3.27.2011

Lent 3: Living water is moving water

It was five years ago this summer that I spent eleven weeks as a hospital chaplaincy intern as part of my preparation for becoming a pastor. I’m still willing to claim hospital chaplaincy as the hardest thing I’ve ever had to do - a daily mix of dealing with physical pain, blood and needles, worried and grieving family members, and ordinary people made anxious and vulnerable by having to wear hospital gowns and having to be tethered to IV poles.

As silly as it sounds, there was one discovery that I made that helped my summer immensely: on each wing, there was a small room that contained, among other things, a stack of styrofoam cups, an ice machine, a water cooler, a coffee pot, and a cabinet full of small boxes of tissues.

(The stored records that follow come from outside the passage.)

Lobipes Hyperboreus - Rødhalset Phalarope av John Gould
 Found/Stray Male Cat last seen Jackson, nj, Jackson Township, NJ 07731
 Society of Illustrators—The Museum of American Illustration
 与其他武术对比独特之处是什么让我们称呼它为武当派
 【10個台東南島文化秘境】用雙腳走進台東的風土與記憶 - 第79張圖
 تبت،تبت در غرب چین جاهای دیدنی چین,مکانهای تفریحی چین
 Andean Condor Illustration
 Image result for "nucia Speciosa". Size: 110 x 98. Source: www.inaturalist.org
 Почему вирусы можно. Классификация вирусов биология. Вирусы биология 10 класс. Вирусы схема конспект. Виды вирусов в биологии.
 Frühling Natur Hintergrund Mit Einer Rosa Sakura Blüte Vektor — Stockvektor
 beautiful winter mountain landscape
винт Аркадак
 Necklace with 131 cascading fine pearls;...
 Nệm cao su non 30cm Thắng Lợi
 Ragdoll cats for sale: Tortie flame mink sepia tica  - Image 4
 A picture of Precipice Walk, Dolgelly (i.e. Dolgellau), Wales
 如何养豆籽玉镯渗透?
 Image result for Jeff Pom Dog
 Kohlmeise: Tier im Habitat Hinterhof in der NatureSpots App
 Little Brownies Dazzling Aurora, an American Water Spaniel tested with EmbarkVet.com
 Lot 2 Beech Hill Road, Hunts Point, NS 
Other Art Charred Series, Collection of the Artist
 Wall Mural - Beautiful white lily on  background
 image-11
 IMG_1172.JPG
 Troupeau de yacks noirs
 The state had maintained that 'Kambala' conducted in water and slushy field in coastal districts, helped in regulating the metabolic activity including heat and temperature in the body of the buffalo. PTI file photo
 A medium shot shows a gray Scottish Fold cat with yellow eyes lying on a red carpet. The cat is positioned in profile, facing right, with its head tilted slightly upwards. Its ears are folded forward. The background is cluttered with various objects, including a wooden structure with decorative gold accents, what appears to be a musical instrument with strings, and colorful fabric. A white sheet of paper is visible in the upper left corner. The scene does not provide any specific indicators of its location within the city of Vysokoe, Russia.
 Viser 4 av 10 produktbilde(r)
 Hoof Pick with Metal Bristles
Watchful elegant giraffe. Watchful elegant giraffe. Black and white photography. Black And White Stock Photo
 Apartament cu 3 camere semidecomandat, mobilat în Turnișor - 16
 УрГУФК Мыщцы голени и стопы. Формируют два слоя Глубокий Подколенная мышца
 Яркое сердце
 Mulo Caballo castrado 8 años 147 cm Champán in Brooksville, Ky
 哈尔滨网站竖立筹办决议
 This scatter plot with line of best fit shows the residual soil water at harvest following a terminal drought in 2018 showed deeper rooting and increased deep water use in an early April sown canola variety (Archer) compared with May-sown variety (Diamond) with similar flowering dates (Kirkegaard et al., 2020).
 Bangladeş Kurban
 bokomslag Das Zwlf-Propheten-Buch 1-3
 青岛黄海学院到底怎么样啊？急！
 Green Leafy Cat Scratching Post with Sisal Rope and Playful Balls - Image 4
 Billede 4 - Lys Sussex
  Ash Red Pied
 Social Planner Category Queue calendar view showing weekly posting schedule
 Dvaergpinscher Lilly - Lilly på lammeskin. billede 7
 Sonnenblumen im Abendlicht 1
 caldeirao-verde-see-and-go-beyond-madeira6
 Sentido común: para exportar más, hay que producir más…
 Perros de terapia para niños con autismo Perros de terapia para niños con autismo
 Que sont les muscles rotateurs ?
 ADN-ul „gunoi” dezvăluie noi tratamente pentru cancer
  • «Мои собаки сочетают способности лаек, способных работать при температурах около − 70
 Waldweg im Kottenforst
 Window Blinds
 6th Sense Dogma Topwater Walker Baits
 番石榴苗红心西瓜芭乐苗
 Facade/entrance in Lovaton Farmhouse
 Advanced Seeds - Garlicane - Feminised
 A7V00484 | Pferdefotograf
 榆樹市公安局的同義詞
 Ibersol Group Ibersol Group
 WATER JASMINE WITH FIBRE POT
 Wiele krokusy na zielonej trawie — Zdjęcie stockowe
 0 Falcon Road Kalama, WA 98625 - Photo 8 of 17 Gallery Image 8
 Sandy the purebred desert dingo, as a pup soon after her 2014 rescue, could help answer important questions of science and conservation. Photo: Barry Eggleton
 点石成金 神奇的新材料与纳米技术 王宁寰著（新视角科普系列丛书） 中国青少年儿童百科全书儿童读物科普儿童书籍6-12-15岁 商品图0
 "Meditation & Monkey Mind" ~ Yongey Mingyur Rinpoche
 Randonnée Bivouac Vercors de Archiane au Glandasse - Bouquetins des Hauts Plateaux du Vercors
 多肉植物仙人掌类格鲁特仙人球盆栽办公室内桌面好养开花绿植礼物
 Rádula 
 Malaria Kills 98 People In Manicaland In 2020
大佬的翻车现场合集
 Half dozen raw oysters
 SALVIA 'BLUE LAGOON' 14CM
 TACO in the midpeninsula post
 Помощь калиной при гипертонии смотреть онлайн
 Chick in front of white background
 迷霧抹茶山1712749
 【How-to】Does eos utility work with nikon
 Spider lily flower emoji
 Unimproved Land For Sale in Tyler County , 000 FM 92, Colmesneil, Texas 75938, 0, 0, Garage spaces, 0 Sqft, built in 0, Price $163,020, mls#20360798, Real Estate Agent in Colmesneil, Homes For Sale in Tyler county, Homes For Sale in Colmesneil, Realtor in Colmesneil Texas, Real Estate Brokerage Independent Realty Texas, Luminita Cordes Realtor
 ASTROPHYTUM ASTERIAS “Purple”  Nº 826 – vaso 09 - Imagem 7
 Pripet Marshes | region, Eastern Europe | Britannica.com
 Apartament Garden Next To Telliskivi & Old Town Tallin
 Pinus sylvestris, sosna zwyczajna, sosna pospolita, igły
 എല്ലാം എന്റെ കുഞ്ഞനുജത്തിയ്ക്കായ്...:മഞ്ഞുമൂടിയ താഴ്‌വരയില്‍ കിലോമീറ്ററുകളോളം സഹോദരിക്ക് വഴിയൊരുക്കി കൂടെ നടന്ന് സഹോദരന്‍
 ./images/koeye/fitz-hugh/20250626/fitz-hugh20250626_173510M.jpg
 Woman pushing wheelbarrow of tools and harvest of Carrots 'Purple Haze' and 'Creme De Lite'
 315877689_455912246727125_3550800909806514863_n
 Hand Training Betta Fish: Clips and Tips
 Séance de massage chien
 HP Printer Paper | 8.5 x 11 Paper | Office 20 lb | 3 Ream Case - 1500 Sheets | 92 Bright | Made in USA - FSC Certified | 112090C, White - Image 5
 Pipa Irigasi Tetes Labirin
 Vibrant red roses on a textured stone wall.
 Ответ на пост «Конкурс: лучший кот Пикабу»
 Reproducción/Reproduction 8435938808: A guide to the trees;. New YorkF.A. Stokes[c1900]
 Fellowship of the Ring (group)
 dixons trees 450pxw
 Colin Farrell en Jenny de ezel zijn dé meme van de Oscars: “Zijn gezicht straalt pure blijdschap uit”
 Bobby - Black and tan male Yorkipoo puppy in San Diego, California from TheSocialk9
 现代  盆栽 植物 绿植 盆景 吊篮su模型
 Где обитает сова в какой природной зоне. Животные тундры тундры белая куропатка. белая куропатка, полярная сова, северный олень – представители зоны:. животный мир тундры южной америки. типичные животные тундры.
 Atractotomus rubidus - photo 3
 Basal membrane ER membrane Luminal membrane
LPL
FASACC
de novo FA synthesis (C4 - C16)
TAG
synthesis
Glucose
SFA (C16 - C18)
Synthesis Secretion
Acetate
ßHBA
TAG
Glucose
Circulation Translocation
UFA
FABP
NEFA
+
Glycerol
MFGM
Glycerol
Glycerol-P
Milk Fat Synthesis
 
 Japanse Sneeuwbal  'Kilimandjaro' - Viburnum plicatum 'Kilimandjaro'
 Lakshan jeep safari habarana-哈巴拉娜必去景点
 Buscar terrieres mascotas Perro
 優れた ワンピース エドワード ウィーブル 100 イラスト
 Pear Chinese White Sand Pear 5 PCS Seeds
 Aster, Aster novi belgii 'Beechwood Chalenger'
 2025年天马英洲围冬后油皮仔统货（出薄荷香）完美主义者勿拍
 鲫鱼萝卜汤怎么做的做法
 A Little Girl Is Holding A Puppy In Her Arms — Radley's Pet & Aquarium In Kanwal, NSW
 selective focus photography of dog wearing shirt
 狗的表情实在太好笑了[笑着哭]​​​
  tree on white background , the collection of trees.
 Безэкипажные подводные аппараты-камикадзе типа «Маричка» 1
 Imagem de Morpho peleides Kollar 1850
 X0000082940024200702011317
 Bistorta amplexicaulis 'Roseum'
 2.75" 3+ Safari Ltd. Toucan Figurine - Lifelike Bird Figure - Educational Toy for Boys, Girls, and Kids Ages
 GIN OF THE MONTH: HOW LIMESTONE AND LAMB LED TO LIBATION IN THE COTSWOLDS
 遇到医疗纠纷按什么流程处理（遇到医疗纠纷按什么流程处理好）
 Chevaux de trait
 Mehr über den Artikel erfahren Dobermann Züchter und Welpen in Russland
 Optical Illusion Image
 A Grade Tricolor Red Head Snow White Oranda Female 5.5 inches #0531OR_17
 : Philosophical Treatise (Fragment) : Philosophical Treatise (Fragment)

On my worst days, at the hardest moments, if I could do nothing else, I could always offer people a cup of ice water and a Kleenex. Water is what could get me in the door, it was what I could offer to people as a peace offering to prove that I was kind and harmless. Thirst for water was a common need, and once physical thirst had been taken care of, people would begin to open up about their other thirsts. My ministry of “water and tissues,” as I called it, was a safe way for people to feel comfortable venturing into the less safe spaces of their souls. It was a safe way for me to venture into rooms and into people’s lives during what was, for me, quite the unsafe but fulfilling summer.

***

Jesus came to a Samaritan city called Sychar, near the plot of ground that Jacob had given to his son Joseph. Jacob's well was there, and Jesus, tired out by his journey, was sitting by the well. It was about noon.

A Samaritan woman came to draw water, and Jesus said to her, "Give me a drink." The Samaritan woman said to him, "How is it that you, a Jew, ask a drink of me, a woman of Samaria?"

Jesus answered the woman, "If you knew the gift of God, and who it is that is saying to you, 'Give me a drink,' you would have asked him, and he would have given you living water." The woman, misunderstanding what he meant when he said “living water,” said to him, "Sir, you have no bucket, and the well is deep. Where do you get that living water?”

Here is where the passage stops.